Macarons are a rather iconic dessert in terms of lolita fashion. Beyond the obvious tastiness of these delicate cookies, the Japanese seem entranced with them in the same sort of way that they idolize many French things. In lolita fashion, the macaron has been featured in several prints by Angelic Pretty. Beyond lolita, however, macarons are the subjects for miniature, felt crafts, cell phone straps, and other household goods.
Recently, the Trader Joe’s grocery stores have begun selling macarons. Not everyone is fortunate enough to live near a pâtisserie that makes macarons, and even fewer people live near one that makes them well.
However, store-bought macarons have perils beyond that of fresh macarons.

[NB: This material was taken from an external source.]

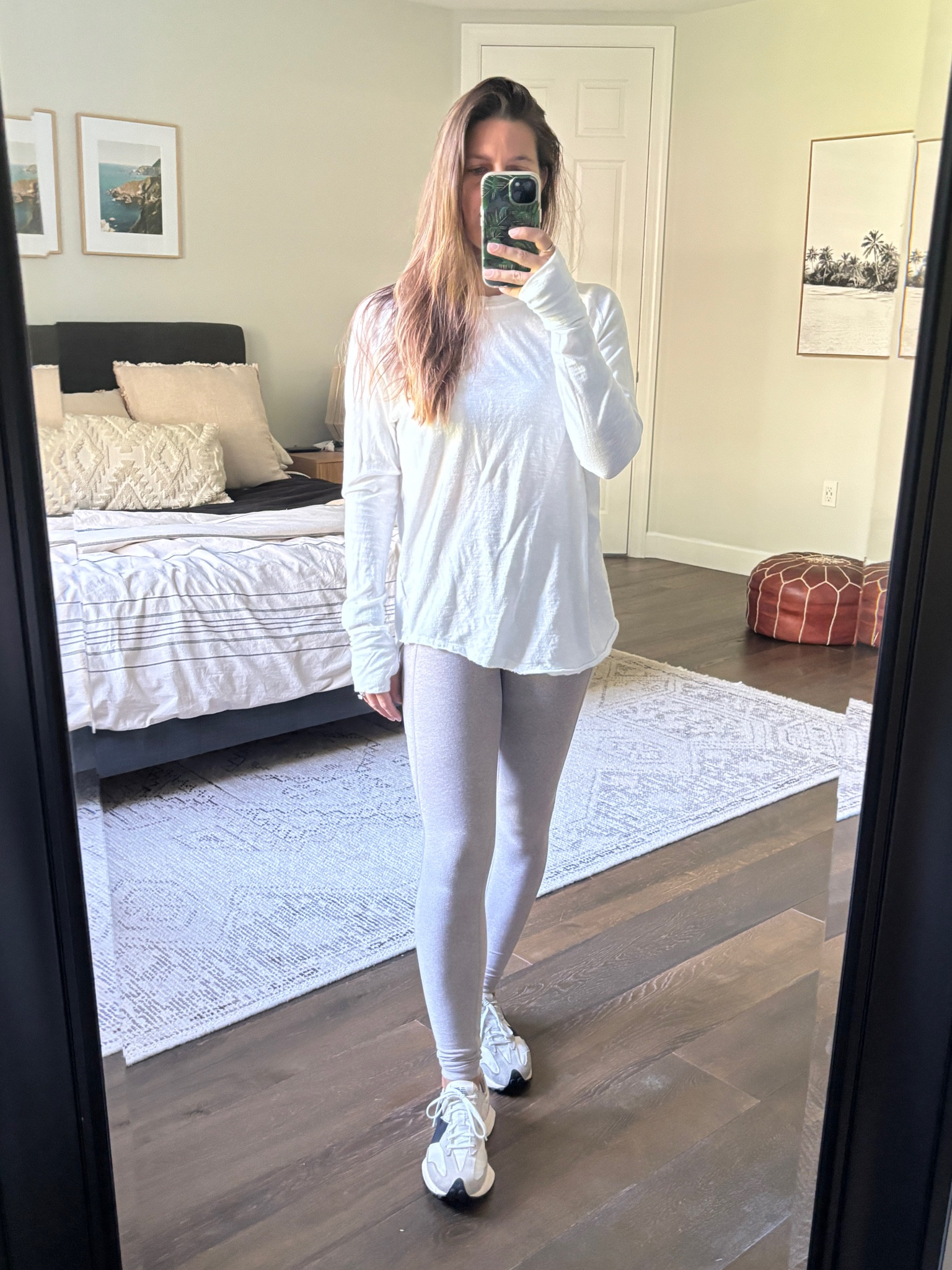 Zella white long sleeve is my go to for travel. Size XS - runs oversized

Macarons go stale very quickly–macaron-Mecca Ladurée warns patrons that the cookies are only good for two days. However, two days is shorter than many foods spend in transit to their final destination; thus most packaged macarons are stale by the time they reach the consumer. The Trader Joe’s macarons, however, are kept in the frozen dessert section–this keeps them from going stale in such a short time.
Although the cookies are not stale, they do not arrive in perfect condition. Macarons are very delicate–the cookie portion is basically a meringue with a touch of flour–and the slightest pressure can crack and crush them. Whenever I bake macarons, sometimes they shatter just from being removed from the cookie sheet. Although the Trader Joe’s macarons are packaged in a plastic tray with each cookie separated, it is not enough to keep them in shape. The tops of the cookies usually look fine, but the bottoms of every cookie in my box was totally smashed.
As these macarons are frozen, they need to be allowed to thaw–sitting out at room temperature for 30 minutes. This step is extremely, extremely important. The macarons I ate that had sat out for the full 30 minutes had soft filling and a crisp cookie. The flavors were light and un-tainted. The macarons that did not get a full 30 minutes had hard filling and (most importantly) tasted of “freezer” more than of the cookie itself–very unpleasant.
In terms of actual quality, I’d say that the Trader Joe’s macarons are not perfect, but they are better than most packaged (and some bakeries’) macarons. The cookies have a nice foot, smooth skin, and appropriate crispness, but I found that they were more meringue-like than I prefer. (This was more pronounced for the chocolate macarons than the vanilla.) They didn’t have enough of the density and texture that the almond flour should add.
The Trader Joe’s macarons are approximately $5 for one dozen macarons–6 chocolate and 6 vanilla. This is, really, an unbeatable value. Most pâtisseries charge much, much more than that this–usually $2-$3 per macaron.
Overall, I don’t think this is something I would buy again, but I would certainly recommend it to others. If you haven’t had macarons before, the Trader Joe’s macarons are a better place to start than other pre-packaged macarons. If you like macarons a lot and don’t want to spend a fortune, they’re a great deal. If you love meringues, you’d also probably really like them! Personally, I will bake my own macarons or patronize my favourite bakery–there are other store-bought cookies I enjoy that I could buy for a similar price; I don’t mind paying a little bit extra for macarons I like the taste of more.